Work instructions:
Print nothing except the lines of the listing below from the line with "Book cover of Wonder Woman (1942-1986) #129" to the line with "デンツ⭐️ペッカリー‼️希少ブラウン‼️破格⭐️", each exactly as written, both ends included.

***** Data provided *****

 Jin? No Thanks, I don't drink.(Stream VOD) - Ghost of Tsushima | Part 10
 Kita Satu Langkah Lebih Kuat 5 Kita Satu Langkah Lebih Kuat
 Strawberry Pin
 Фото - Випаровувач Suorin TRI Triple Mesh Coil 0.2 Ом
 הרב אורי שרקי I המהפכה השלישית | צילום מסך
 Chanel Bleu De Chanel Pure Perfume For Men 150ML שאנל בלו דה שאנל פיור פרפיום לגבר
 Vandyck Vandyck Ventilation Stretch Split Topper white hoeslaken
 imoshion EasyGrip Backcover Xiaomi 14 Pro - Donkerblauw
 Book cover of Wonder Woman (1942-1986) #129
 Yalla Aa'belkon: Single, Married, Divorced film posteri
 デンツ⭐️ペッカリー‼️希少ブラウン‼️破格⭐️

*****
***** Data provided *****

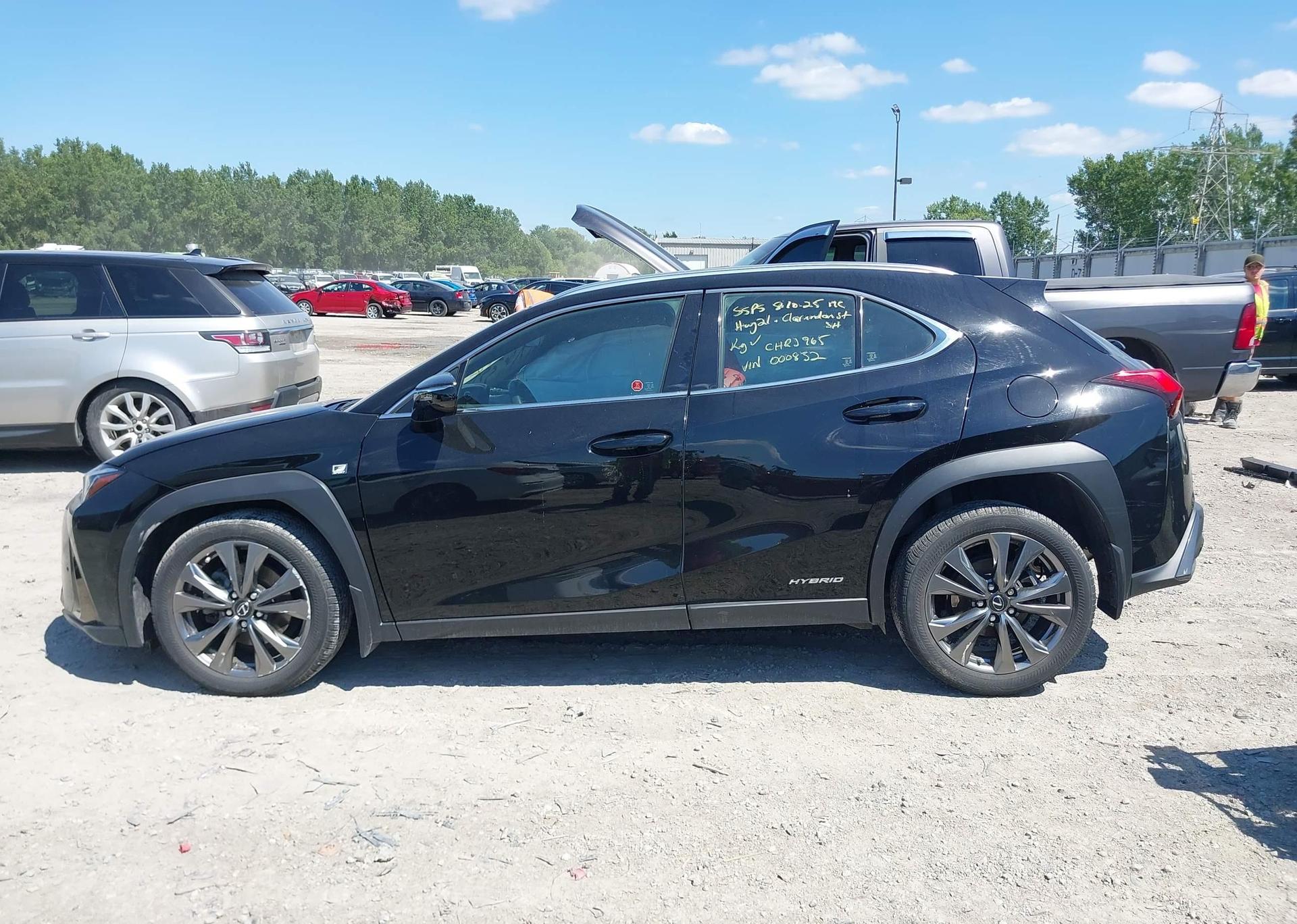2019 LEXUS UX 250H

*****

Answer space:
 Book cover of Wonder Woman (1942-1986) #129
 Yalla Aa'belkon: Single, Married, Divorced film posteri
 デンツ⭐️ペッカリー‼️希少ブラウン‼️破格⭐️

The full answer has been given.